There is one item I might have with me on a longer multi-day walk that can be used if I wish. My Suunto MC-2 Global mirror compass, beside being one of the best compasses available to the navigator, also has three slope scales printed on the side of its mirror housing, or ‘slope ruler’ as Suunto call it.
A degree of extrapolation is required when using these as scales and contour intervals are limited to 1:24 000 & 40ft contour intervals, 1:25 000 & 20m contour intervals and 1:25 000 & 50m contour intervals. These are fairly limited in range of slope angle shown, ranging from 25° to 45°, being primarily of use for those hillwalkers particularly aware of the risk of slab avalanche.
The compass also has a dedicated clinometer needle which is of more use with clear ‘side-on’ sight of a slope angle. However use of this needle falls outside the scope of this glance at slope cards.
There is another aspect to hiking up or down a gradient that has to be taken into account, the distance walked also changes. Covering a horizontal 100m on a steep 27° ascent will mean 112m has actually been covered. Combined with the extra exertion that a slope entails, these additional metres can add up over a day. Some slope cards also give an indication of this, usually down the centre of the card. Shaven Raspberry got a bit carried away with indicating tenths of a metre on one of their slope cards. While this is more accurate, the simpler full metres on their other slope card are easier to read and use.

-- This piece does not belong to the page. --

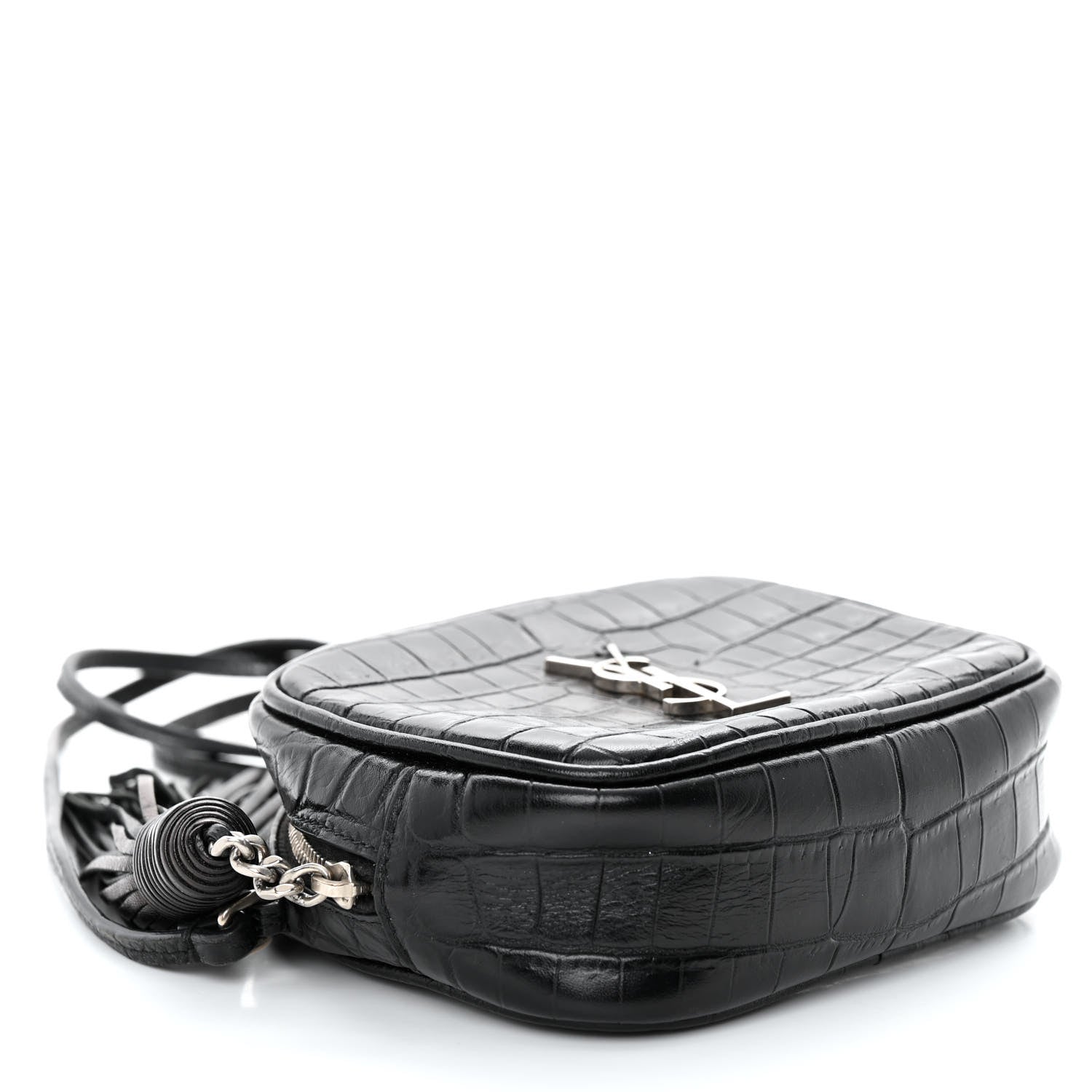 Saint Laurent Calfskin Crocodile Embossed Monogram Blogger Bag Black 4 of 11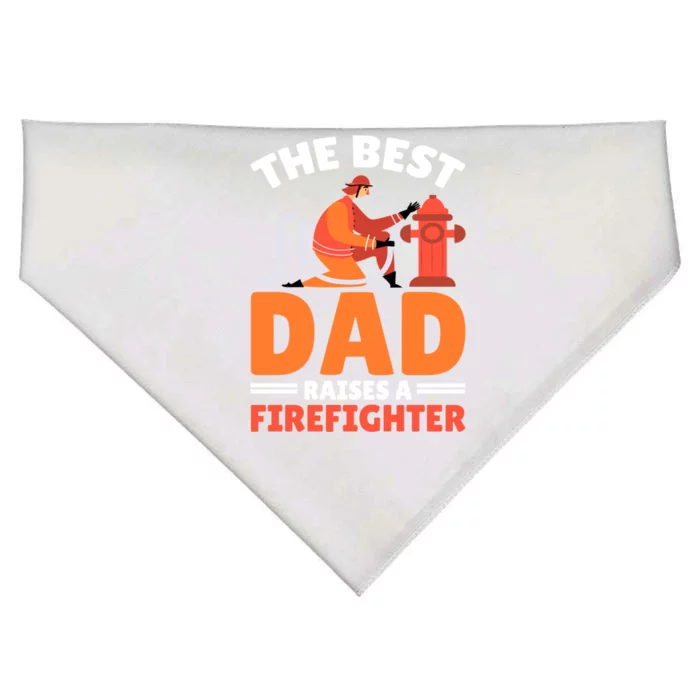 The Best Dad Raises A Firefighter Gift USA-Made Doggie Bandana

Experience will be enough for most hikers, backpackers and navigators when looking at either map or the hill in front. Visual clues will be sufficient for many. Slope cards are not essential to planning or enjoying most hikes, though they can be an important tool for those walking in winter. Beside that, they are simply a cheap little tool to be aware of and use if it suits you to do so. As winter draws in, why not spend a half an hour or so at home practicing their use prior to getting out and actually puffing up the slopes.